- For the first time, the oldest Americans (70+) held a larger share of real estate wealth than middle-aged Americans (40-54).
- The 70+ age group is the only one that has experienced consistent gains in real estate wealth. Younger Americans, who have grappled with rising home prices and mortgage rates, have seen their portion of the real estate pie shrink or stay the same.
- 55-69 year olds hold the lion’s share of real estate wealth, despite losing share over the years.
The oldest Americans held 26% of America’s $48 trillion in real estate wealth as of the third quarter of 2025, the most recent period for which data is available. That’s just shy of the prior quarter’s 26.1%—the highest level for 70+ year olds on record—and compares with 21.6% a decade earlier and 16.6% two decades earlier.

This is based on a Redfin analysis of Federal Reserve Board data going back to 1989.
The share of real estate wealth held by 70+ year olds surpassed that of 40-54 year olds for the first time on record during the second quarter of 2025. At that time, 70+ year olds held 26.1% and 40-54 year olds held 25.9%. As of the third quarter, both groups held exactly 26%.
Prior to last year, the 40-54 age group consistently held a larger share of real estate wealth than the oldest Americans.

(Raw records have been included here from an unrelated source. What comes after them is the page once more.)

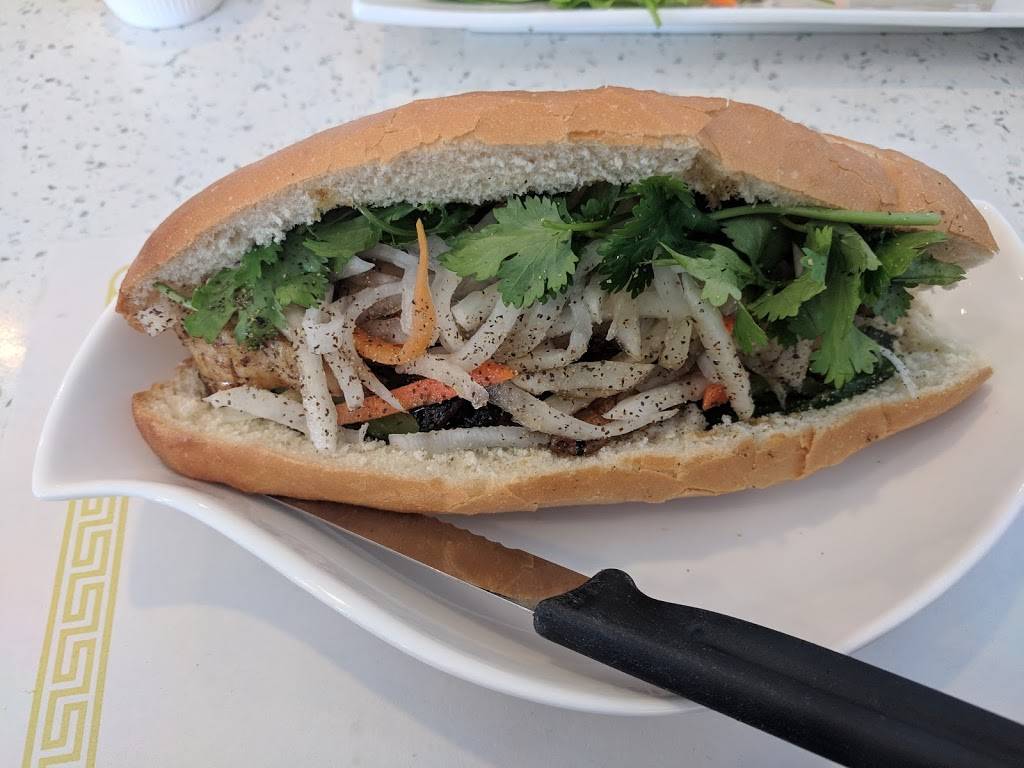 Plates Com Tam Restaurant | restaurant | 1988 Fremont Blvd, Seaside, CA 93955, USA | 8313947653 OR +1 831-394-7653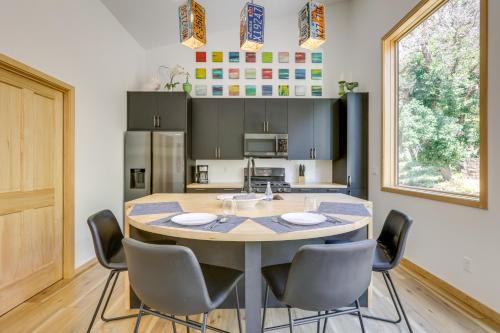 New Castle Getaway w/Grill & Mountain Views!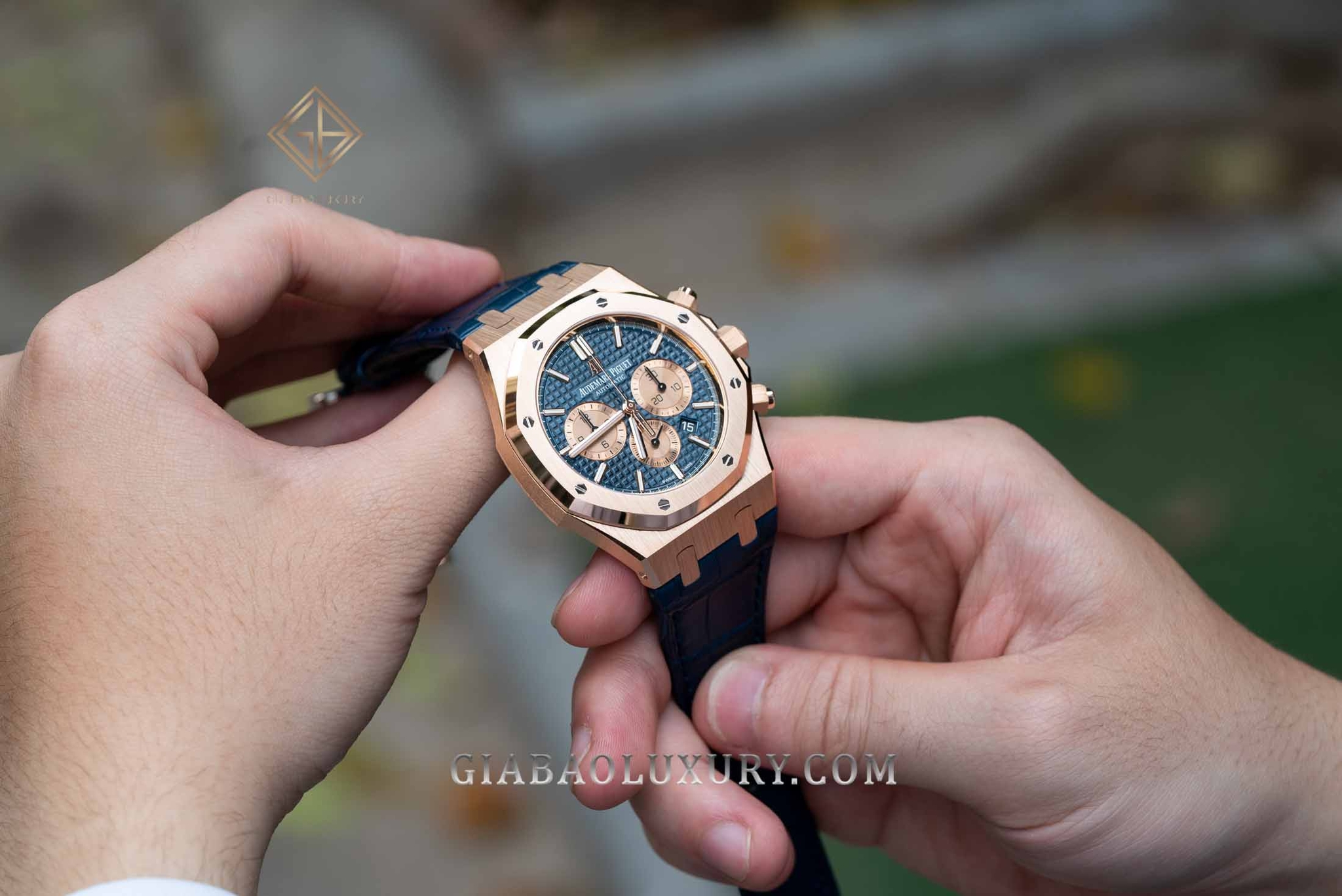 Audemars Piguet Royal Oak Chronograph 41mm 26331OR.OO.D315CR.01 Dây Da Cá Sấu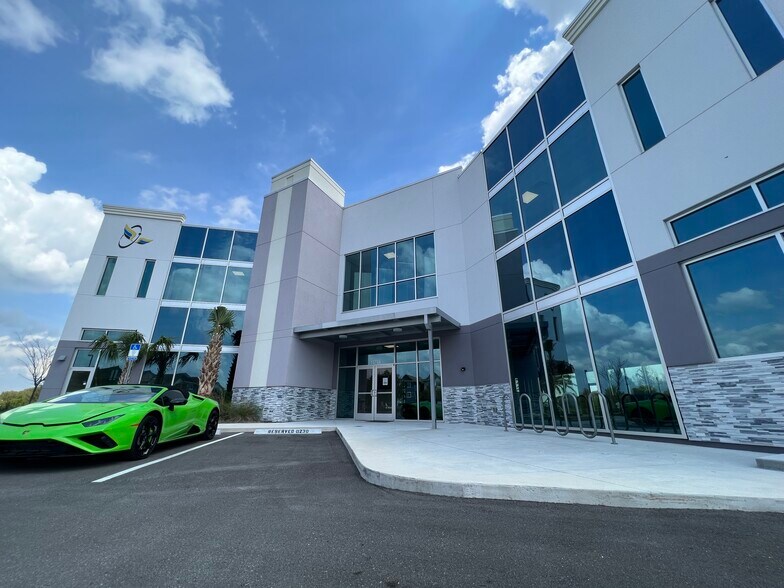 More Photos Of 13704 Village Lakeview Ave, Windermere, FL 34786, Windermere Medical For Lease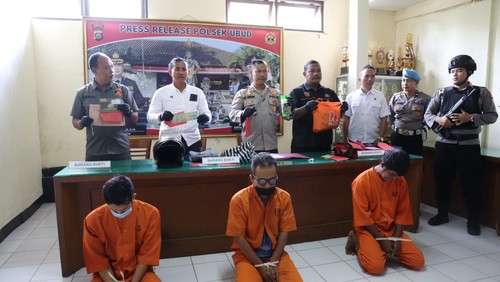 Polsek Ubud mengungkap tiga kasus pencurian dan perampokan di Ubud, Kamis (30/3/2023). Foto: Istimewa.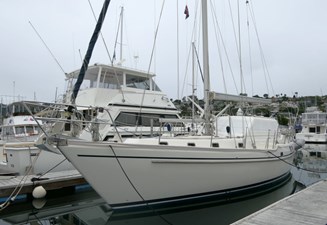 SUN BIRD 85 Dockside Port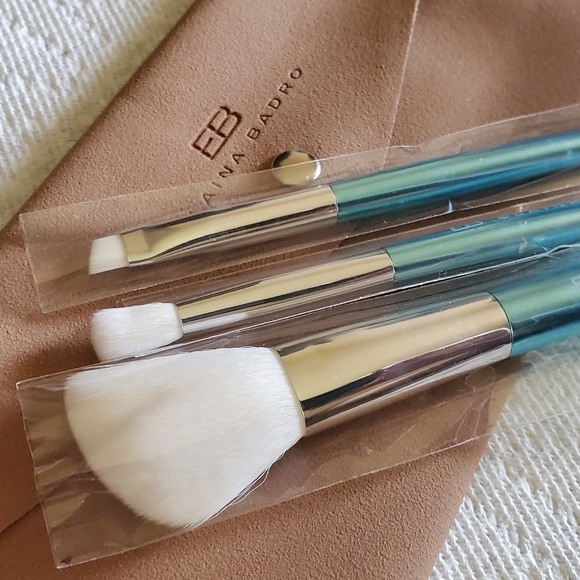 Elaine Badro "3 Piece Makeup Brushes" - Picture 2 of 3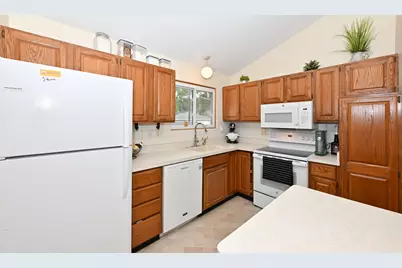 11020 W Parnell Ave, Hales Corners, WI 53130 - Photo 8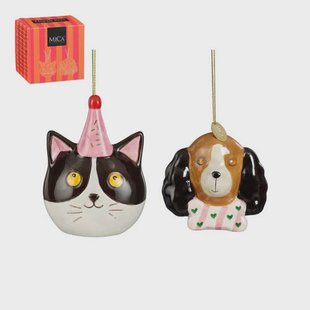 Mica Decorations kerstornament cadeau set - kat - hond (2 stuks)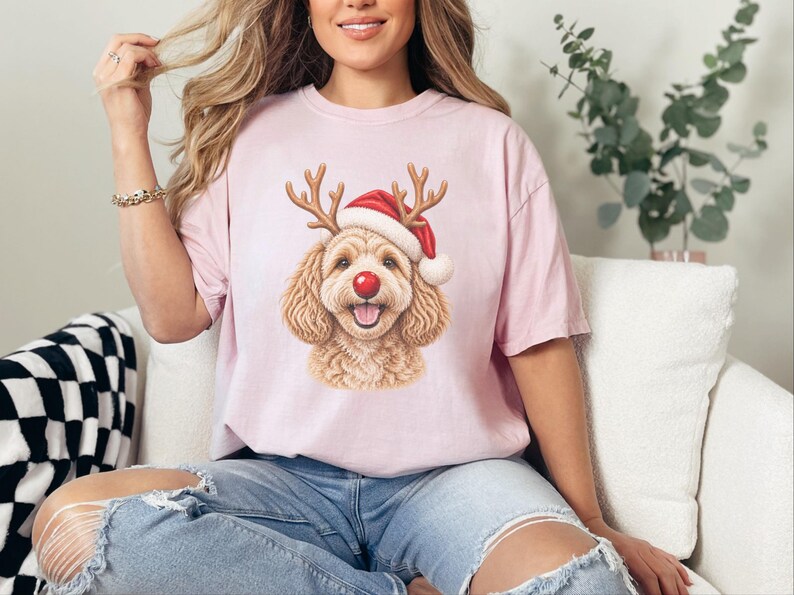 Camiseta de Natal com Maltipoo, Presente para Cachorro com Gorro de Papai Noel, Moletom de Natal para Pet, Camiseta com Filhote de Rena, Roupa de Natal para Amantes de Cães imagem 5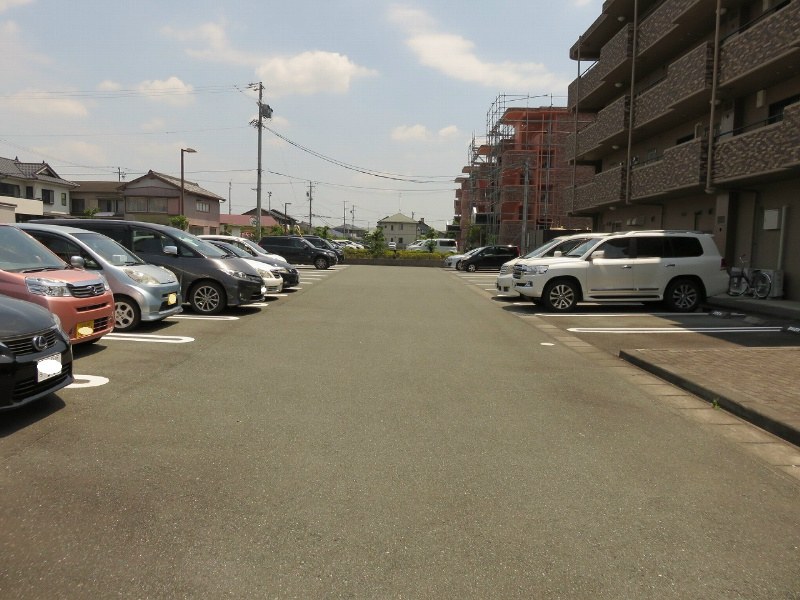 ＳＴＡＴＩＯＮ　ＦＲＯＮＴ（２ＬＤＫ） 駐車場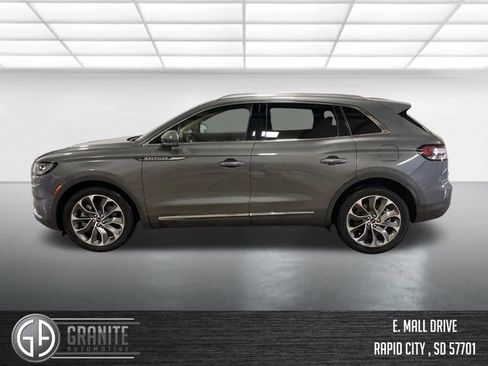 Used 2023 Lincoln Nautilus Reserve w/ Equipment Group 201A image 2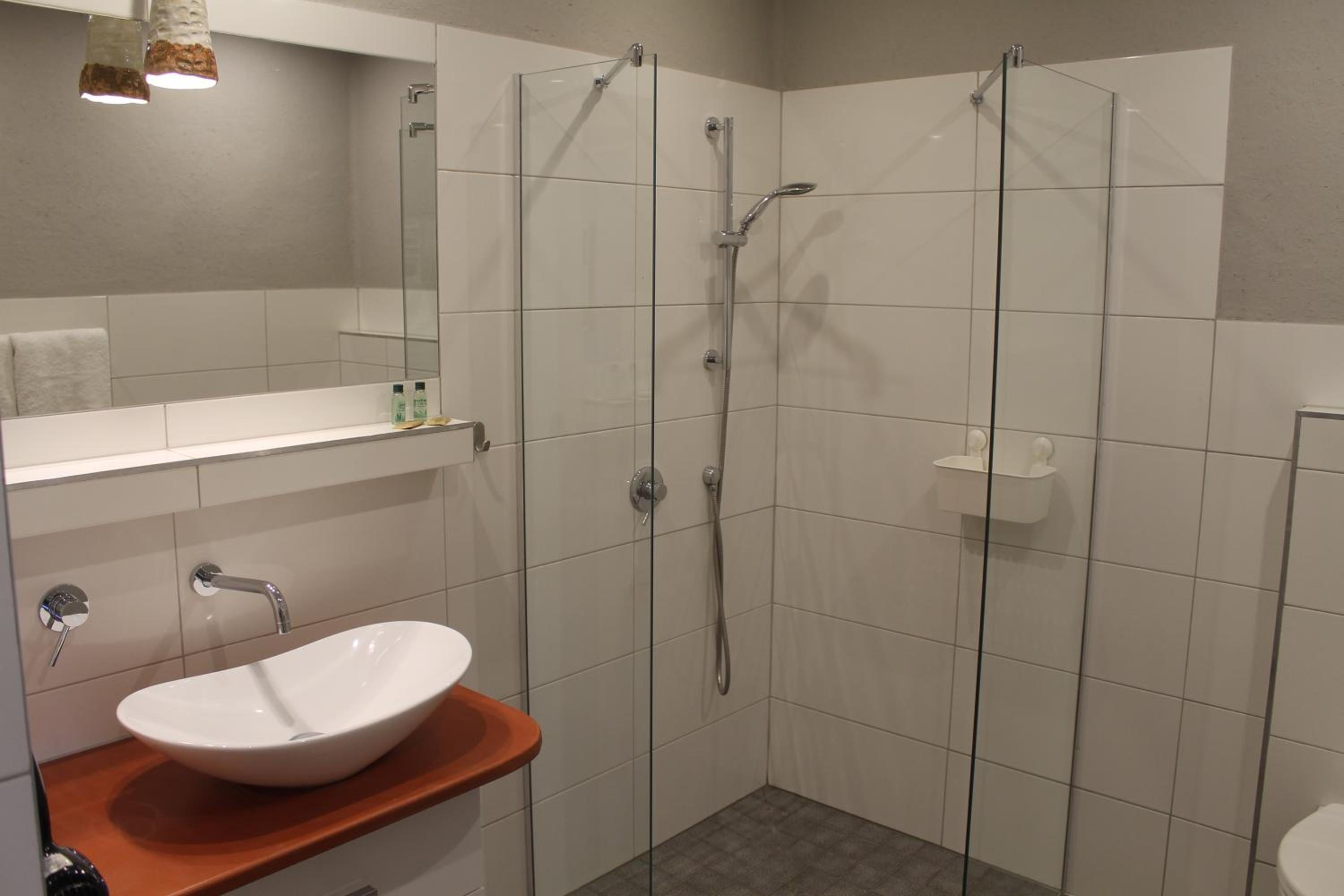 Large Double Room - Photo 3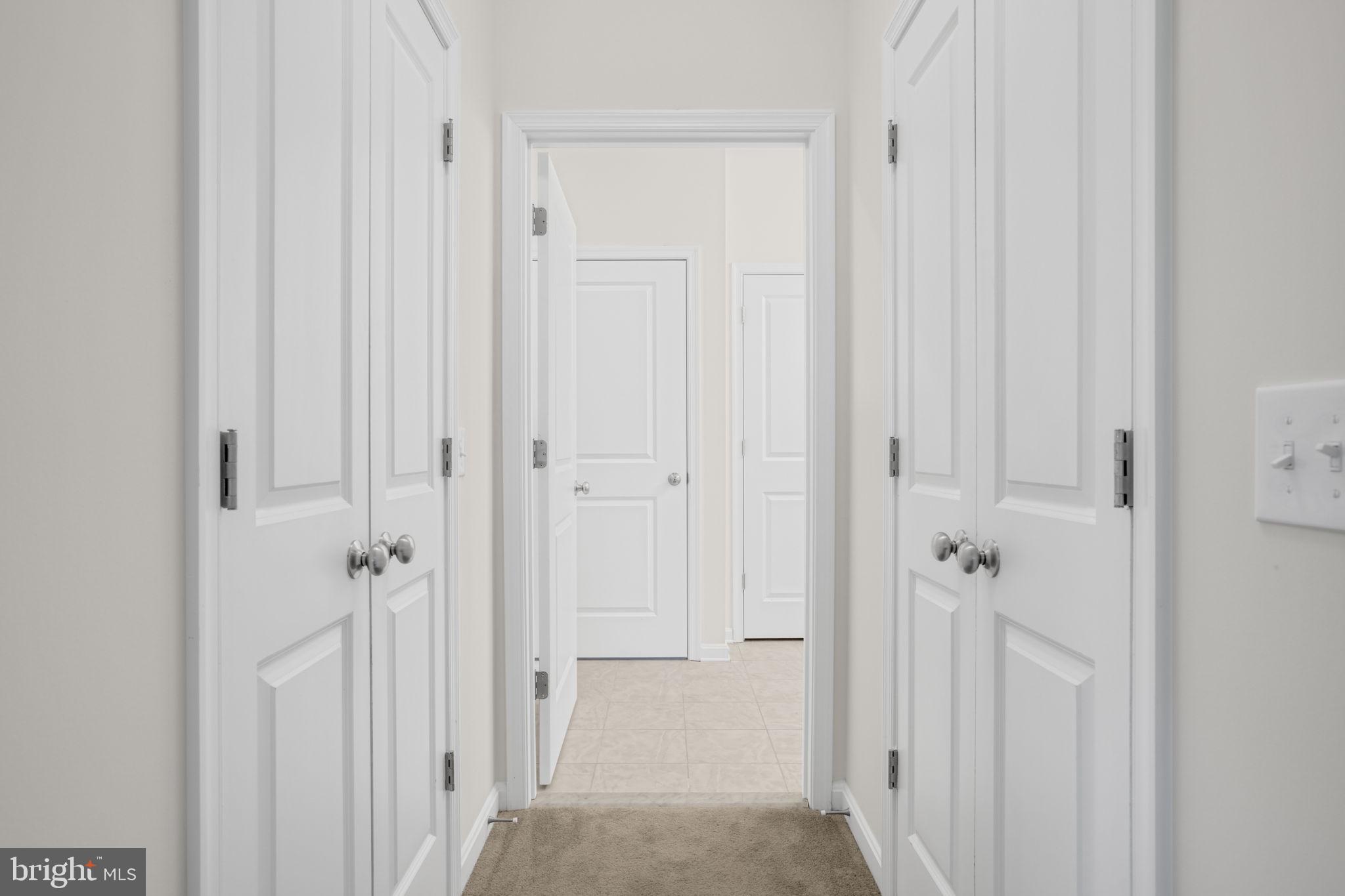 CAPTAIN'S COVE - Residential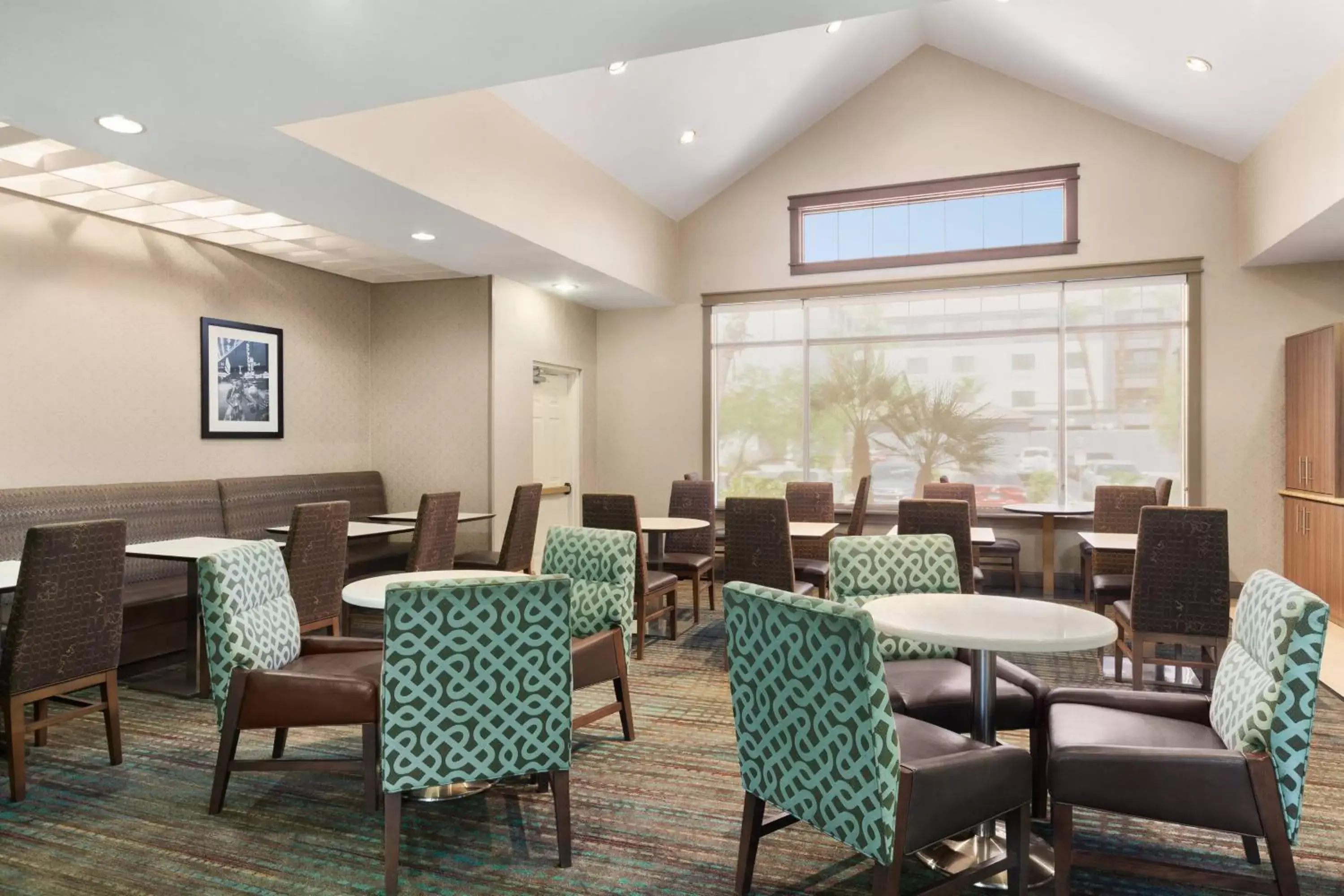 Breakfast, Restaurant/Places to Eat in Residence Inn By Marriott Las Vegas Stadium Area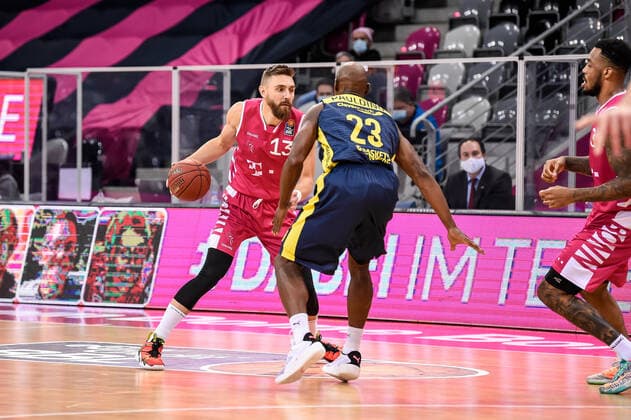 easyCredit BBL, Telekom Baskets Bonn vs. EWE Baskets Oldenburg, 06.12.2020 Deividas Gailius (Telekom Baskets Bonn 13), easyCredit BBL, Telekom Baskets Bonn vs. EWE Baskets Oldenburg am 06.12.2020 im Telekom Dome Bonn, Bonn (Nordrhein-Westfalen) Copyright: xBEAUTIFULxSPORTS Mueller-Laschetx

Younger Americans Have Seen Declines in Their Share of Real Estate Wealth
The 70+ age group is the only one that has seen consistent wealth gains over the years.
As mentioned earlier, the 40-54 year old cohort held 26% of real estate wealth in the third quarter. That’s down from 29.3% a decade earlier. The 55-69 year old group saw their share drop to 35.3% from 37.2% over the same period. The share held by the youngest Americans has flatlined; people under 40 held 12.6% of real estate wealth in the third quarter, little changed from 11.9% a decade earlier.
“Breaking into homeownership wasn’t an easy feat for baby boomers, who faced high inflation and high interest rates. But mortgage rates then entered a decades-long decline, fueling years of home price growth that benefited baby boomers,” said Redfin Chief Economist Daryl Fairweather. “Those home price gains, along with a rebound in mortgage rates in recent years, have pushed homeownership out of reach for many younger Americans.”
Younger Americans are also purchasing real estate later because they’re getting married later.
The good news is that affordability has already started to improve this year. Redfin predicted late last year that homebuyers would get some relief in 2026 as income growth outpaced home price growth. Home price growth has slowed significantly since the pandemic moving frenzy, and mortgage rates have come down in recent months. The average 30-year-fixed mortgage rate now sits at around 6%, just shy of the lowest level in over three years.